0711 – evaluate your freedom accurately and expand it by acting upon it

Why is it so hard for me to just sleep early? I keep thinking that night time is for… something. What is night time for? Night time is private time, night time is personal time, the witching hour when the world goes away and leaves me alone. Night time is when I get to be myself. Maybe that’s what I’m subconsciously afraid of sacrificing if I sleep early. I get worried that I won’t have any time to myself. I need to learn to trust myself. I need to learn to earn my own trust. And earning my own trust means promising myself that I will have time to myself, even if it’s not at night. I’m not a child anymore. I’m not a salaried employee anymore. I am the only person responsible for myself now. I’m married, so I have a wife in the picture, but we are each ultimately individuals who are capable of making our own decisions and are willing to support each other on our respective quests and journeys. My wife will be okay with me sleeping early, with me taking time for myself, as long as I am clear that she is also a priority for me, that our marriage is also important to me, and that we will get quality time together.

So we get around to dealing with schedules. I’ve been afraid of schedules for as long as I can remember. I hated timetables as a child, I hated going to school, waking up in the morning, bedtime, lunchtime, any sort of designated time. I have to teach myself that what I hated wasn’t the very idea of scheduling, but what those schedules represented – other people having power over me, controlling me, regulating me.

What I need to see is… I’ve said this before… in the absence of self-regulation, I am being regulated by my appetites. I am being regulated by my impulses. In the absence of a self-directed schedule, all time becomes scheduled as “do whatever fuckall” time, which is not actually a great time for longer than a certain period. (A few days most of the time, a few weeks after a long period of work or school or some other regulated period of time). It’s now been a few weeks since I had any sort of official or proper schedule. And so I’ve been running on my old “you’re free to do fuckall” schedule, which I last used when I was about 21 years old – staying up late on the internet, just generally flaffing about. That was also more or less what I did when I was about 17 or 18, hanging out with friends after school, drinking milo and smoking cigarettes.
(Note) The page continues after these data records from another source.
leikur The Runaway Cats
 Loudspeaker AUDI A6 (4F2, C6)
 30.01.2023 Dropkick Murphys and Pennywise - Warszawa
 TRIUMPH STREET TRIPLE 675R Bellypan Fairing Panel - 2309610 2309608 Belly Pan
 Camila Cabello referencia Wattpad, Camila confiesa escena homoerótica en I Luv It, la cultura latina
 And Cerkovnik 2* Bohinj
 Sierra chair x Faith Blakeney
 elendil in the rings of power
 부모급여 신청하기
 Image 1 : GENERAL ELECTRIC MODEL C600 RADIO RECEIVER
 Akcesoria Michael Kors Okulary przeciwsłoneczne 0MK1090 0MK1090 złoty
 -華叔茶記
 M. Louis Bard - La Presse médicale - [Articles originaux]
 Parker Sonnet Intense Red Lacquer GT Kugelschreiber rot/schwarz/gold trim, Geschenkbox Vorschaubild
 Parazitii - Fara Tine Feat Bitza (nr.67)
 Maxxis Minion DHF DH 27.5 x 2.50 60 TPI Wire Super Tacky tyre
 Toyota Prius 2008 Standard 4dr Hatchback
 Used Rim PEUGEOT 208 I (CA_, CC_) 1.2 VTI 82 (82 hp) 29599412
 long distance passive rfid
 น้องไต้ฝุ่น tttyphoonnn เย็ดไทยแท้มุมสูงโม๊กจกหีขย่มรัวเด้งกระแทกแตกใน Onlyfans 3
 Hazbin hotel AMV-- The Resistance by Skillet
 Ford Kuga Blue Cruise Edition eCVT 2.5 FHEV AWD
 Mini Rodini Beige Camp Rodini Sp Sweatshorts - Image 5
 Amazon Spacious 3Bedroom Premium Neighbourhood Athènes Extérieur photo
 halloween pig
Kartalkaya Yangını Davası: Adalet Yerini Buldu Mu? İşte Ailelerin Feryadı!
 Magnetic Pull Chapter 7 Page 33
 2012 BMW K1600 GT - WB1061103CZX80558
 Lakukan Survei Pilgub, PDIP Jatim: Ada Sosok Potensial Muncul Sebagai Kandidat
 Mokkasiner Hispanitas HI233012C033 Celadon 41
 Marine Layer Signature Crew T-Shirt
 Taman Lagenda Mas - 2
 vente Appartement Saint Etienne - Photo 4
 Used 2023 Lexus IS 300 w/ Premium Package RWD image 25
I am here now. I am at the stage of my life that I was always hoping for when I was a child. This is it. I have “arrived”. Of course, now that I’m here I can see all sorts of things down the road that I didn’t even think to consider when I was a child. When I was a child I just wanted to escape from child-jail. I have escaped now, mostly (though some old habits still remain and need dismantling). Now that I’m in the free world, there are new concerns. New challenges. This is okay. This is good. I am stronger psychologically and emotionally than I’ve ever been. Physically, in pretty decent shape – I’m going to start working out again and get into the best shape of my life. I have that opportunity now. I no longer need to worry about external deadlines that I did not choose. I have more freedom now than I’ve ever had. It’s still not “perfect freedom” – I still have financial concerns, I worry about my parents, my siblings, and hypothetical kids I don’t have. But it’s a lot of freedom, relative to anything I’ve known before this.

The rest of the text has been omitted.